Ivor's playing career took him on to Manchester City, Newcastle, back to Carlisle and finally Queen of the South, while he also accrued 14 caps for England and played in the 1954 World Cup finals. He hung up his boots in 1962, choosing to take up a career in journalism, reporting for the Carlisle Evening News and Star, and even for the Observer. And, according to Chris Little, "he can still be found swearing at bad copytakers at about 5.30pm on most Saturday afternoons in the Brunton Park press box."

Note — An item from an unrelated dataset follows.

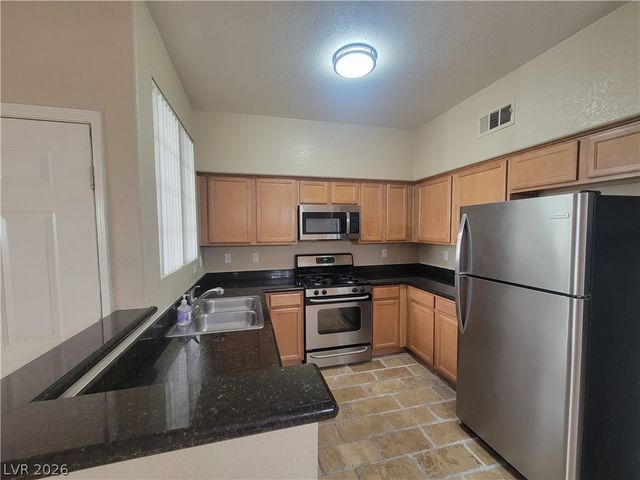 10237 King Henry Avenue 103, Las Vegas, NV 89144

Next week's Knowledge will be the first of our World Cup specials, so get your World Cup questions in. Here's a few to get us started:
"Kevin-Prince Boateng has opted to play for his father's country of Ghana, whilst his brother Jerome, has opted to play for his own country of birth, Germany," writes Lee Richardson. "With both teams drawn together in the same group this World Cup, and both players looking likely to selected for their relevant squads, there is a good possibility of two brothers playing against each other in an international. Has this ever happened before?"